>>>>
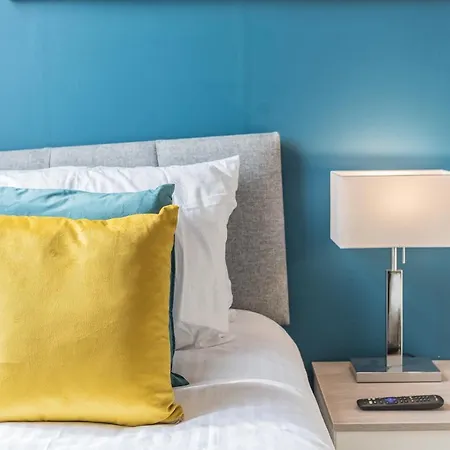 *king Bed* Luxury Centre House بارو في فرنيس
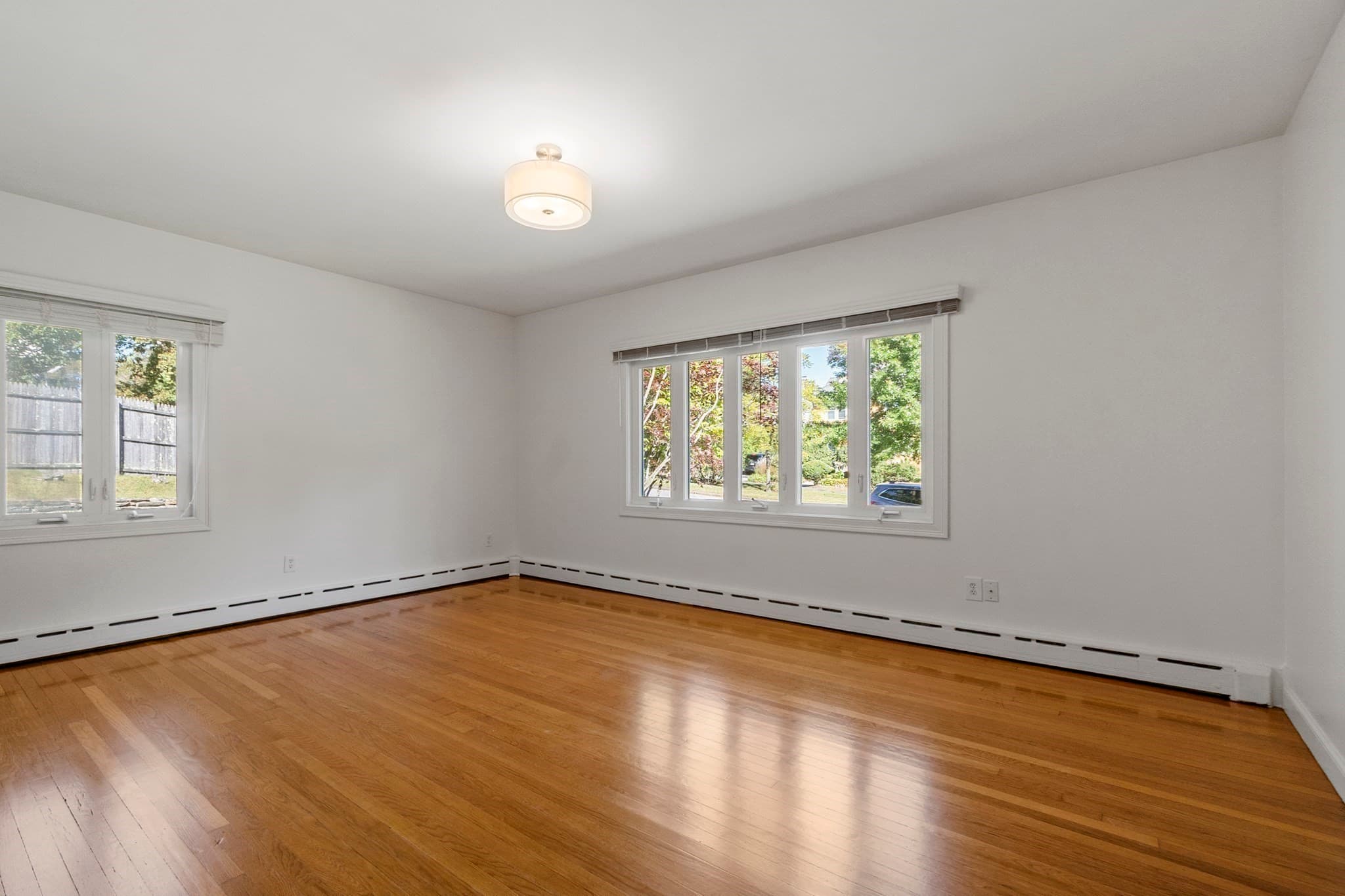 Single Family Residence at 19 Chamberlain Pkwy, Worcester MA 01602, Worcester, photo 31 of 40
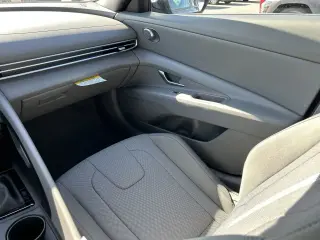 Hyundai ELANTRA 2026 SE 4dr Sedán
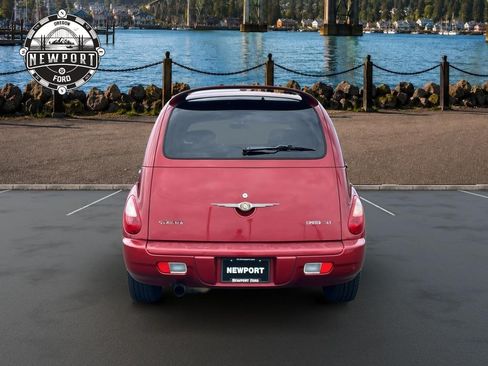 Used 2007 Chrysler PT Cruiser Limited w/ Chrome Accents Group FWD image 5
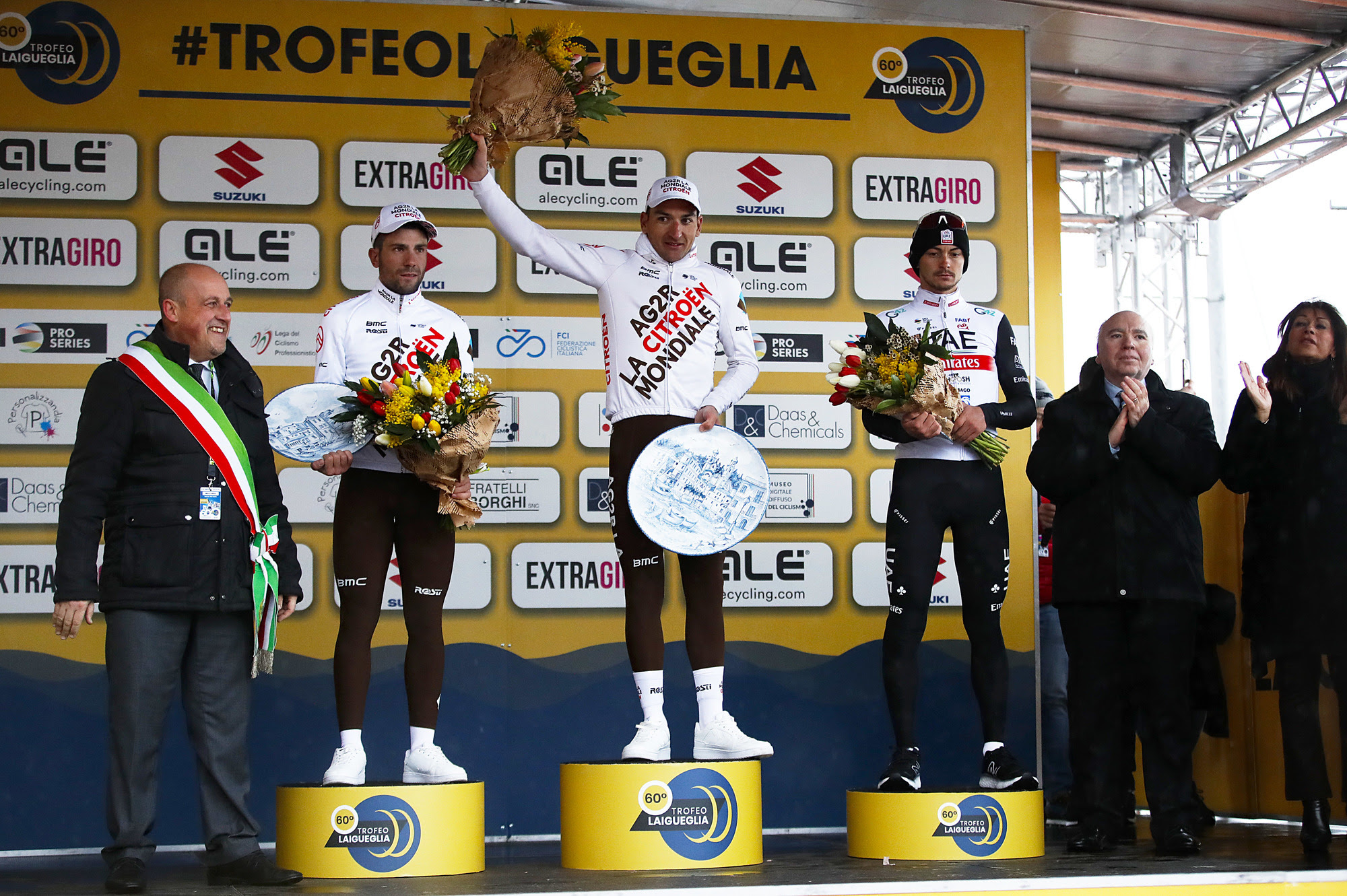 Il podio del Trofeo Laigueglia 2023 (foto Sprint Cycling Agency)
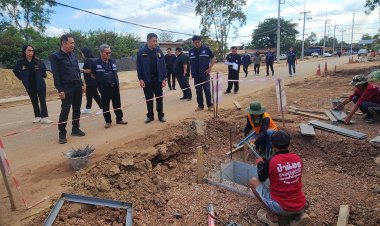 ป.ป.ช.พิจิตรร่วมกับแขวงทางหลวงชนบทพิจิตรตรวจเร่งรัดงบกระตุ้นเศรษฐกิจงานก่อสร้างถนนงบ9.69ล้านบาทเศษ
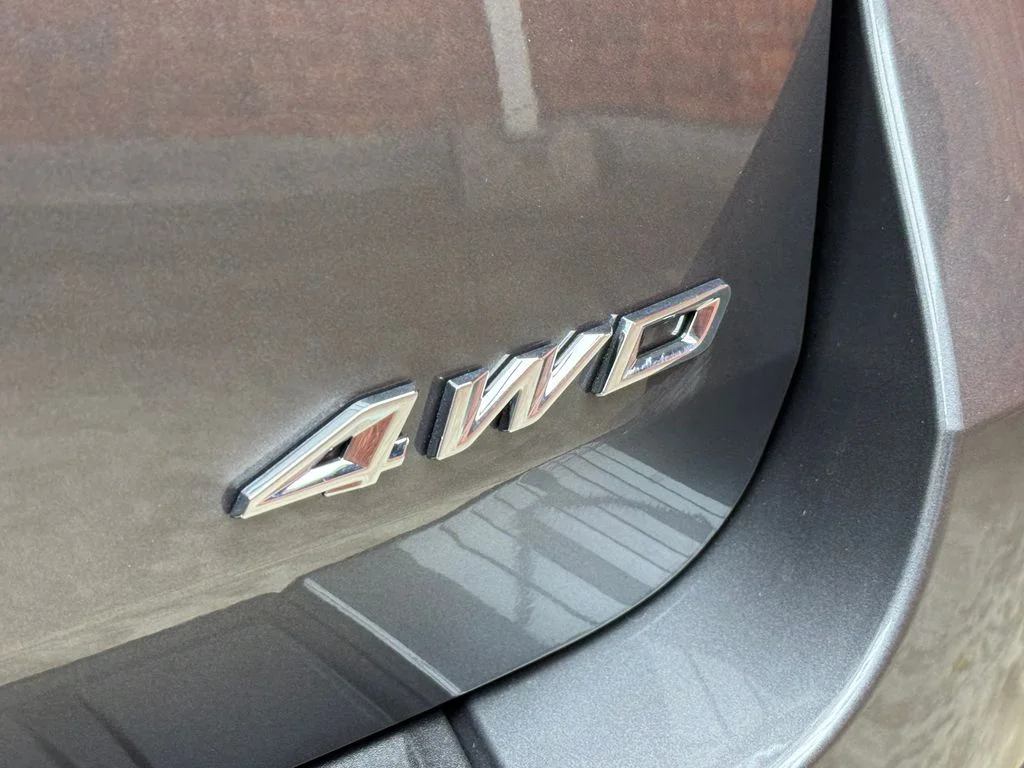 New 2026 Carbonized Gray Metallic Ford ST-Line image 5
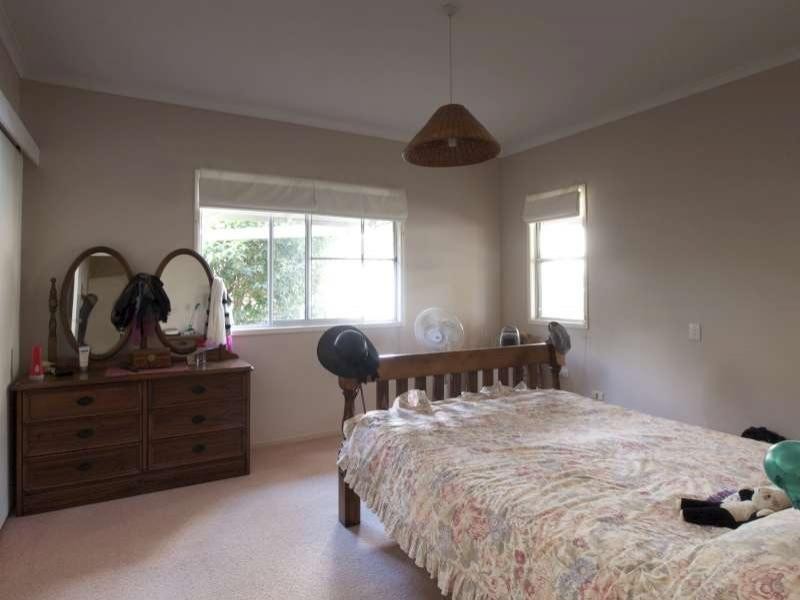 3 William Street, Crows Nest QLD 4355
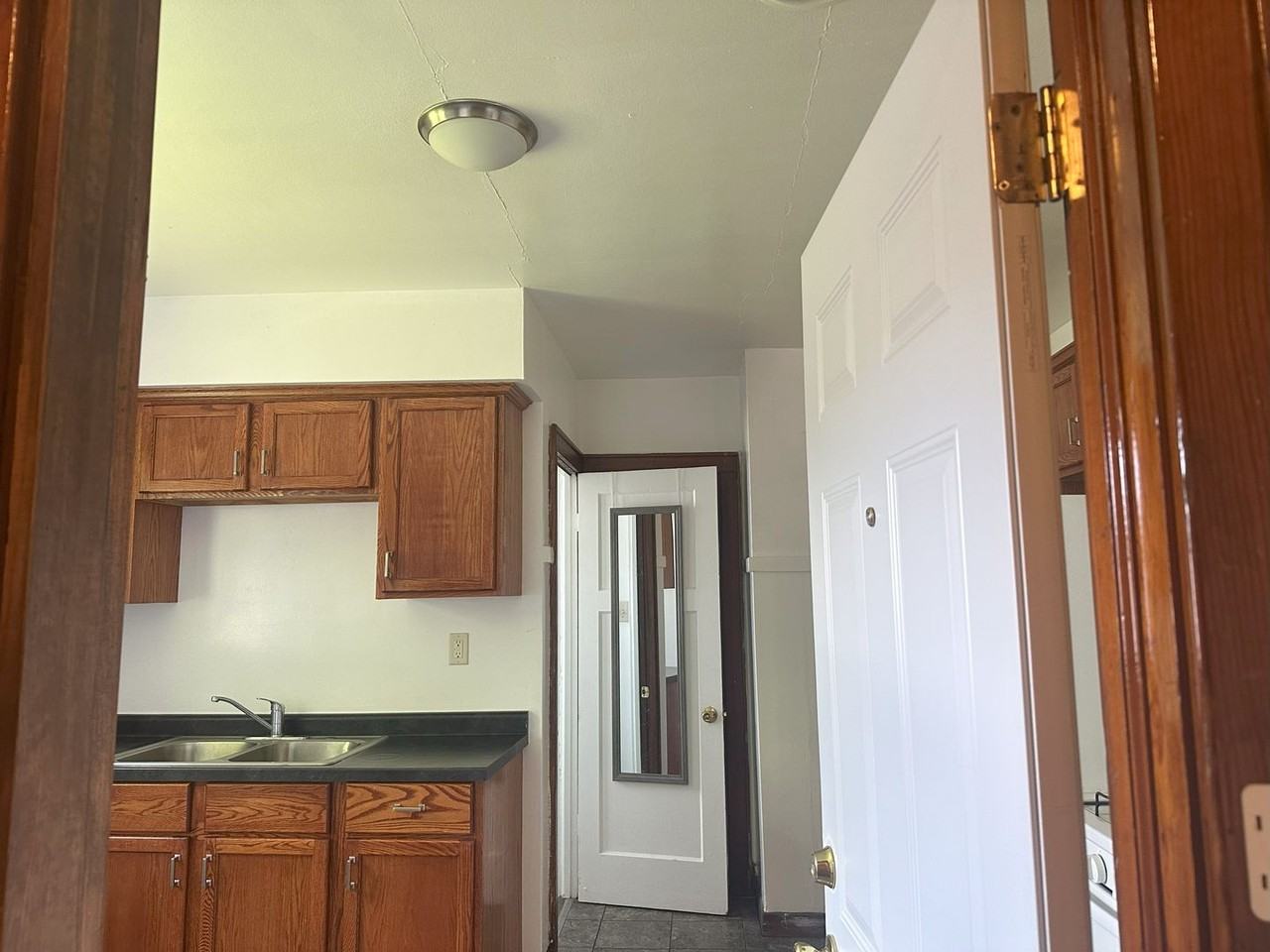 3643 W Mitchell St - Photo 2 of 16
<<<<
◆ **Work to be completed**:
The records must appear again word for word, though none of their pictures should.

◆ **Response to the exercise**:
 *king Bed* Luxury Centre House بارو في فرنيس
 Single Family Residence at 19 Chamberlain Pkwy, Worcester MA 01602, Worcester, photo 31 of 40
 Hyundai ELANTRA 2026 SE 4dr Sedán
 Used 2007 Chrysler PT Cruiser Limited w/ Chrome Accents Group FWD image 5
 Il podio del Trofeo Laigueglia 2023 (foto Sprint Cycling Agency)
 ป.ป.ช.พิจิตรร่วมกับแขวงทางหลวงชนบทพิจิตรตรวจเร่งรัดงบกระตุ้นเศรษฐกิจงานก่อสร้างถนนงบ9.69ล้านบาทเศษ
 New 2026 Carbonized Gray Metallic Ford ST-Line image 5
 3 William Street, Crows Nest QLD 4355
 3643 W Mitchell St - Photo 2 of 16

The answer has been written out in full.